Fiat Punto :: Forum
https://fiatpunto.com.pl/

Problem z otwarciem / zamknięciem drzwi
http://fiatpunto.com.pl/topic3783-25.html
Strona 2 z 4

Autor:  grandevito [ 06 Mar 2009, 00:37 ]
Temat postu: 

ja mam wymienione i polakierowane narazie dzialaja poprawnie ale znajac zycie w kwietniu konczy sie gwarancja i pewnie znow cos zaczna szwankowac...

Autor:  Szumen [ 06 Mar 2009, 00:37 ]
Temat postu: 

MiSiOn napisał(a):
Na naprawianą część, element płynie nowa gwarancja bodajże dwa lata.

Tak, ale jeżeli naprawa jest płatna.
Jezeli w ostatnim dniu gwarancji wymienią Ci za darmo np. sprzęgło, a za tydzień Ci padnie to sorry. Naprawa płatna. Gwarancję na wymienioną część masz tylko do końca gwarancji na samochód. Przerobiłem to na własnym przykładzie. W ostatnim dniu gwarancji wymieniono mi uszczelniacz na wale korbowym, od strony skrzyni w Pandzie. Za jakiś miesiąc się rozciekł. Musiałem zapłacić bo nie znalazłem podstaw do damowej naprawy. A szukałem.

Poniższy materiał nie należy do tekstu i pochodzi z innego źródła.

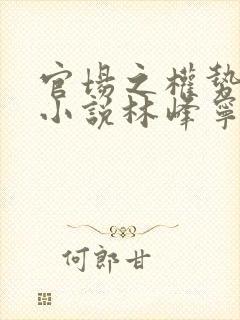 官场之权势滔天小说林峰宁欣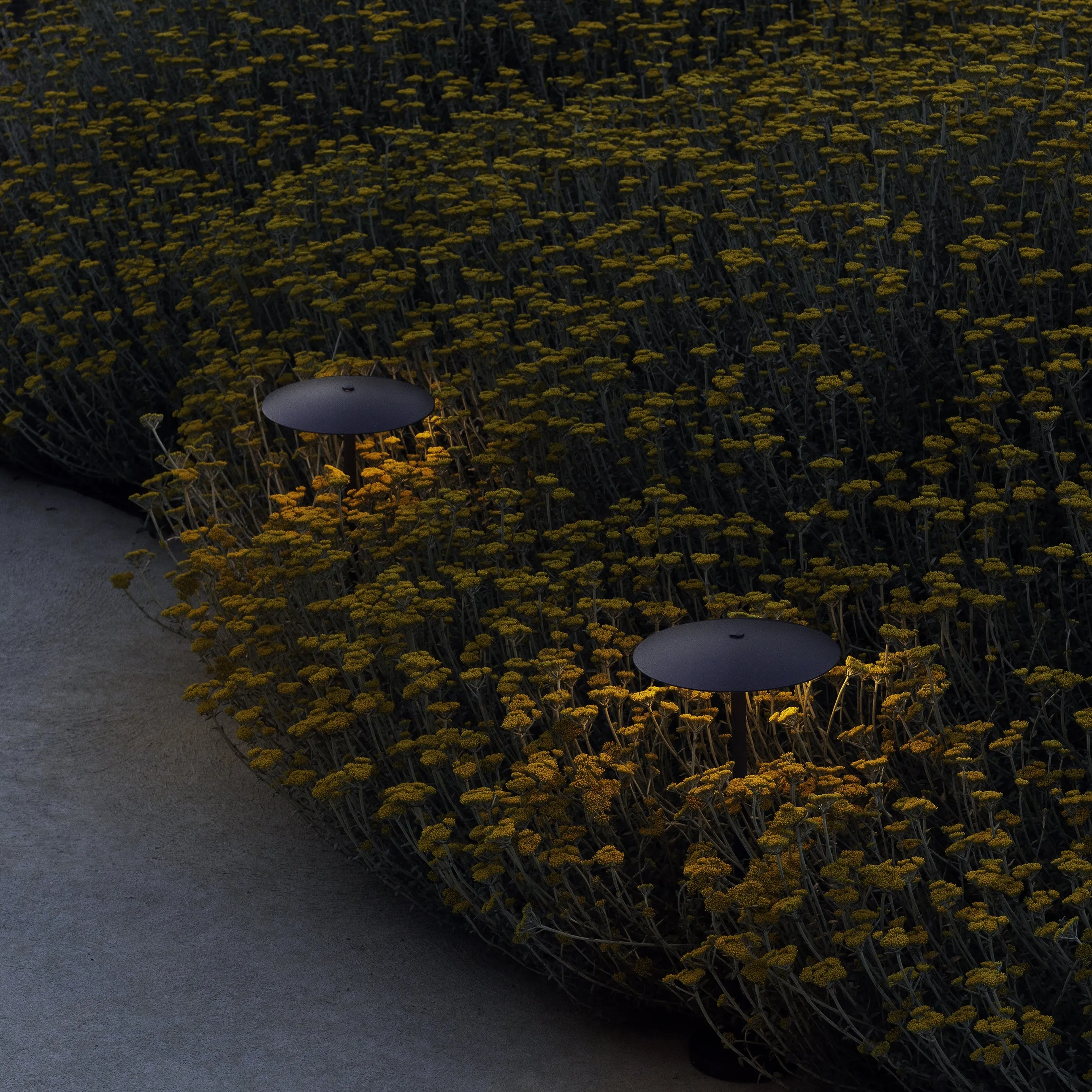 Ginger Outdoor Bollard Light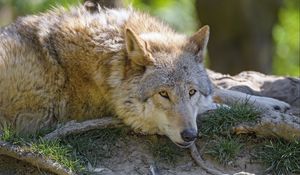 Preview wallpaper wolf, glance, animal, predator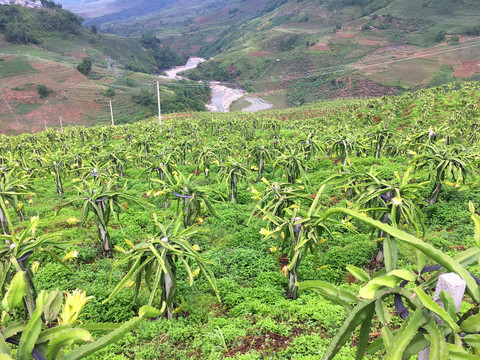 火龙果基地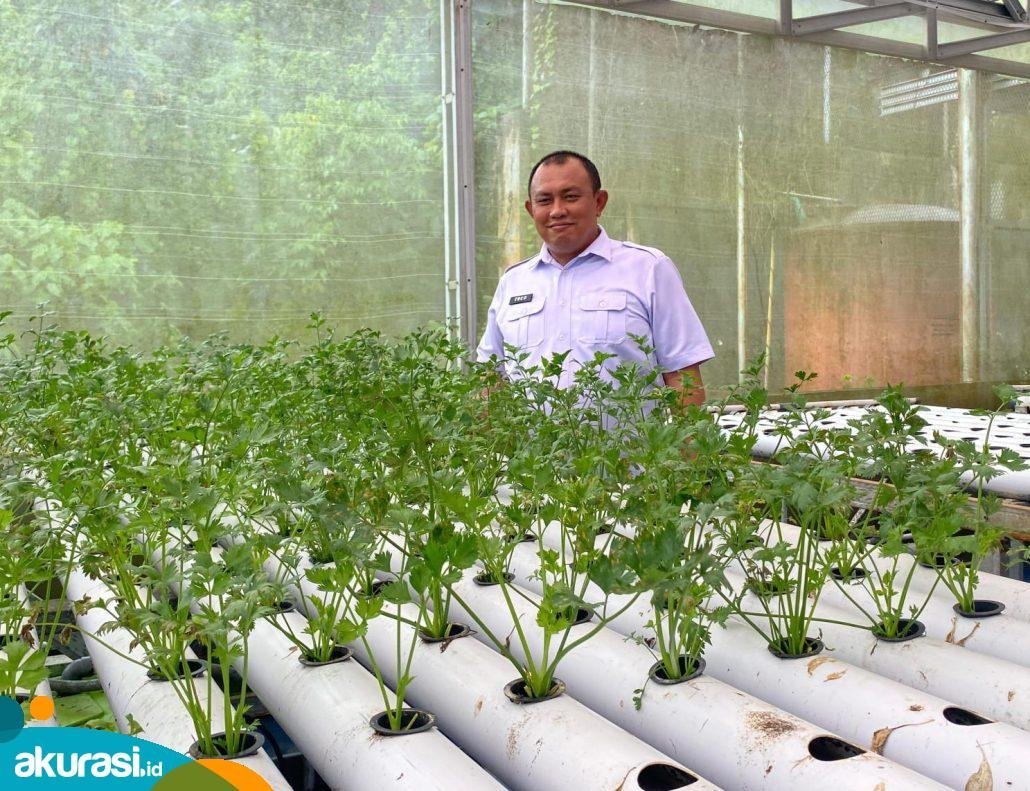 Warga Binaan Lapas Samarinda Budidaya Cabai dan Peternakan di Smart Farm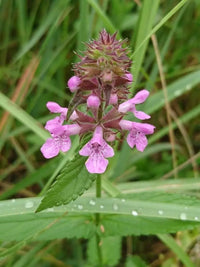 Purple Marsh Woundwort Flower seeds for Planting Seasonal Bloomer Heirloom & GMO Free Seeds for Home Garden
 
 Sale
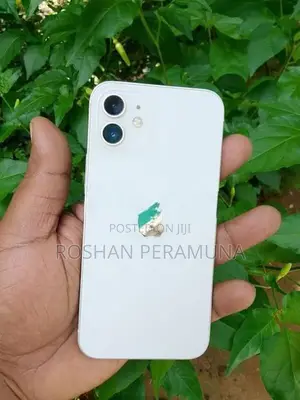Apple iPhone 12 (Used)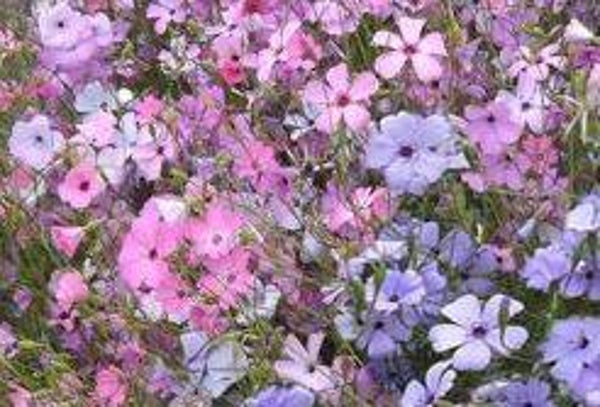 Viscaria oculata (25+)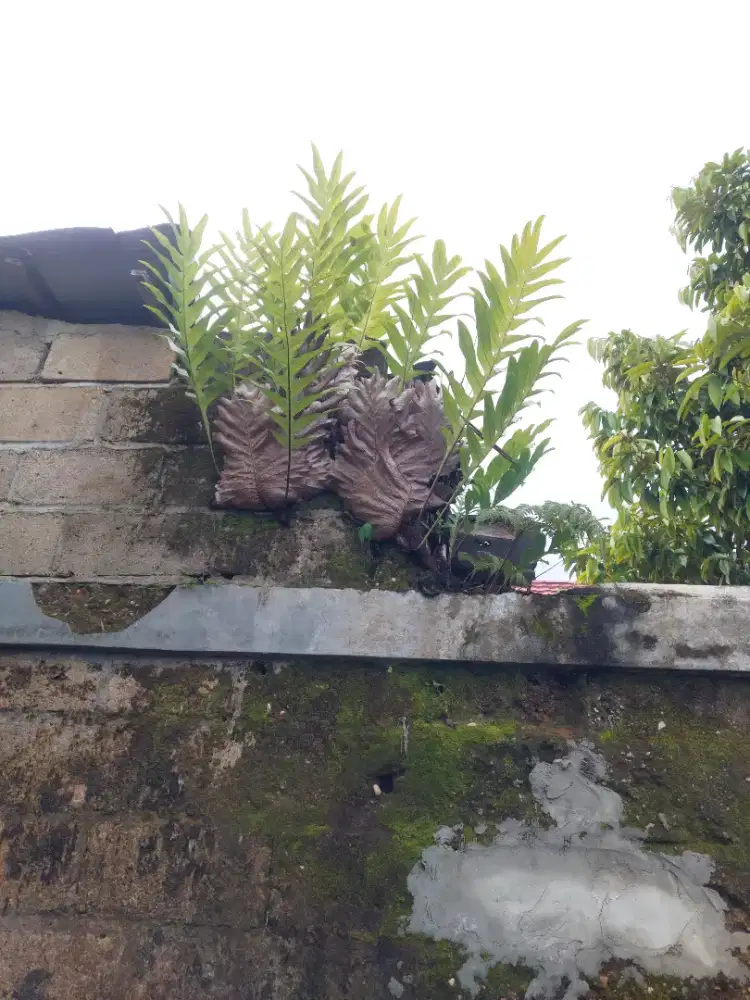 Tanaman drynaria rigidula / pakis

Autor:  MiSiOn [ 06 Mar 2009, 00:45 ]
Temat postu: 

Szumen napisał(a):
MiSiOn napisał(a):
Na naprawianą część, element płynie nowa gwarancja bodajże dwa lata.

Tak, ale jeżeli naprawa jest płatna.
Jezeli w ostatnim dniu gwarancji wymienią Ci za darmo np. sprzęgło, a za tydzień Ci padnie to sorry. Naprawa płatna. Gwarancję na wymienioną część masz tylko do końca gwarancji na samochód. Przerobiłem to na własnym przykładzie. W ostatnim dniu gwarancji wymieniono mi uszczelniacz na wale korbowym, od strony skrzyni w Pandzie. Za jakiś miesiąc się rozciekł. Musiałem zapłacić bo nie znalazłem podstaw do damowej naprawy. A szukałem.


Jestem zaskoczony :shock: do tej pory nie spotkałem się z takim czymś.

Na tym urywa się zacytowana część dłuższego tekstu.